Clinical Question:びまん性汎細気管支炎
1982年エリスロマイシン600mg/dayで2年間治療後、胸部レントゲンや血液ガス検査で改善していることが確認された。
1991年厚生省研究班によって行われたプラセボとの二重盲検比較試験では①呼吸困難の程度、②胸部エックス線所見、③PaO2、④1秒量、⑤CRP、⑥早期喀痰量において臨床的有効性を確固たるものとした。
- びまん性汎細気管支炎は1969年に日本から初めて提唱された疾患で、東アジアで多く見られる疾患である。

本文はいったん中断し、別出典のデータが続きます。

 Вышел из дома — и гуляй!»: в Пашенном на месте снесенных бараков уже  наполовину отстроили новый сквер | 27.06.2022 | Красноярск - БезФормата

- 以前は5年生存率42%、緑膿菌感染を併発すると8%と予後不良疾患であった。1982年にエリスロマイシンによる治療が効果的であることが確認された後、1991年厚生省研究班によって施行された二重盲検比較試験では5年生存率は89.9%と大幅に改善した。
- 治療前後では喀痰中の細菌叢に変化はないが、マクロライドは気道のあらゆる部分に作用し、炎症を抑えることで治療効果を発揮することが明らかになっている。
- びまん性汎細気管支炎の約90%はマクロライド療法が奏効するが、残り10%は難治性である。肺移植の適応疾患にもなっており、これまで脳死両肺移植で14人(5%)、生体肺移植で2人(0.8%)が移植を行っている。